TO DO
Could you restate all of the entries, word for word?

======== DATASET EXTRACT ========

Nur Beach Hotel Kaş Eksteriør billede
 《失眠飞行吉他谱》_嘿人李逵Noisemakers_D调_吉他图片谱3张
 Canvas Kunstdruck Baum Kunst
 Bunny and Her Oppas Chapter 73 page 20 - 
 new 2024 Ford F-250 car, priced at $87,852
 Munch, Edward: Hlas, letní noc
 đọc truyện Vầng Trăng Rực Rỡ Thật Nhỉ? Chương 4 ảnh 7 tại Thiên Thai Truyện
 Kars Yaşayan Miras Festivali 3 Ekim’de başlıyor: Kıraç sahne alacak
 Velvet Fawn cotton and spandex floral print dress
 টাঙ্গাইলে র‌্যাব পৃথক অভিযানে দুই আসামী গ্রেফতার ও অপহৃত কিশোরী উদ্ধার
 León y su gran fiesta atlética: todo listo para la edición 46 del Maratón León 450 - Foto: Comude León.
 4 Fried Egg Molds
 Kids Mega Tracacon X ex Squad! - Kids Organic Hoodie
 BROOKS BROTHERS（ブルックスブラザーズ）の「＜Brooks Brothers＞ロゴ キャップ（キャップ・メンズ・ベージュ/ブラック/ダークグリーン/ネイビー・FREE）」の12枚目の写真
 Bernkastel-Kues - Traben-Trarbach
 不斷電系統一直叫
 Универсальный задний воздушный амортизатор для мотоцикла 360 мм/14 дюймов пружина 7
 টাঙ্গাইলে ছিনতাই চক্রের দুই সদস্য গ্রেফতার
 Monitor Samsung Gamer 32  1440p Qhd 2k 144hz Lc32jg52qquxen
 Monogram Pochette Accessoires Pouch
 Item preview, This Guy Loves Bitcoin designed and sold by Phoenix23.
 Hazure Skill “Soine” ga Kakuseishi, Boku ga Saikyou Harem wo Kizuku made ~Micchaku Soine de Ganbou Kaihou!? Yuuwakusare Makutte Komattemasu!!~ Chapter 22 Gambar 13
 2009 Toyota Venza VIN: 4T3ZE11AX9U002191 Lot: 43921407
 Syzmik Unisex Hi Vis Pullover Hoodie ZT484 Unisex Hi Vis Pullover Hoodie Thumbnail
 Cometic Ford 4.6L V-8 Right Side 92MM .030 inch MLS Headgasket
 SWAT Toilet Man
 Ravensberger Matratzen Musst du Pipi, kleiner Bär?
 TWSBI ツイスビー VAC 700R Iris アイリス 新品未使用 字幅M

========

TASK RESULT
Nur Beach Hotel Kaş Eksteriør billede
 《失眠飞行吉他谱》_嘿人李逵Noisemakers_D调_吉他图片谱3张
 Canvas Kunstdruck Baum Kunst
 Bunny and Her Oppas Chapter 73 page 20 - 
 new 2024 Ford F-250 car, priced at $87,852
 Munch, Edward: Hlas, letní noc
 đọc truyện Vầng Trăng Rực Rỡ Thật Nhỉ? Chương 4 ảnh 7 tại Thiên Thai Truyện
 Kars Yaşayan Miras Festivali 3 Ekim’de başlıyor: Kıraç sahne alacak
 Velvet Fawn cotton and spandex floral print dress
 টাঙ্গাইলে র‌্যাব পৃথক অভিযানে দুই আসামী গ্রেফতার ও অপহৃত কিশোরী উদ্ধার
 León y su gran fiesta atlética: todo listo para la edición 46 del Maratón León 450 - Foto: Comude León.
 4 Fried Egg Molds
 Kids Mega Tracacon X ex Squad! - Kids Organic Hoodie
 BROOKS BROTHERS（ブルックスブラザーズ）の「＜Brooks Brothers＞ロゴ キャップ（キャップ・メンズ・ベージュ/ブラック/ダークグリーン/ネイビー・FREE）」の12枚目の写真
 Bernkastel-Kues - Traben-Trarbach
 不斷電系統一直叫
 Универсальный задний воздушный амортизатор для мотоцикла 360 мм/14 дюймов пружина 7
 টাঙ্গাইলে ছিনতাই চক্রের দুই সদস্য গ্রেফতার
 Monitor Samsung Gamer 32  1440p Qhd 2k 144hz Lc32jg52qquxen
 Monogram Pochette Accessoires Pouch
 Item preview, This Guy Loves Bitcoin designed and sold by Phoenix23.
 Hazure Skill “Soine” ga Kakuseishi, Boku ga Saikyou Harem wo Kizuku made ~Micchaku Soine de Ganbou Kaihou!? Yuuwakusare Makutte Komattemasu!!~ Chapter 22 Gambar 13
 2009 Toyota Venza VIN: 4T3ZE11AX9U002191 Lot: 43921407
 Syzmik Unisex Hi Vis Pullover Hoodie ZT484 Unisex Hi Vis Pullover Hoodie Thumbnail
 Cometic Ford 4.6L V-8 Right Side 92MM .030 inch MLS Headgasket
 SWAT Toilet Man
 Ravensberger Matratzen Musst du Pipi, kleiner Bär?
 TWSBI ツイスビー VAC 700R Iris アイリス 新品未使用 字幅M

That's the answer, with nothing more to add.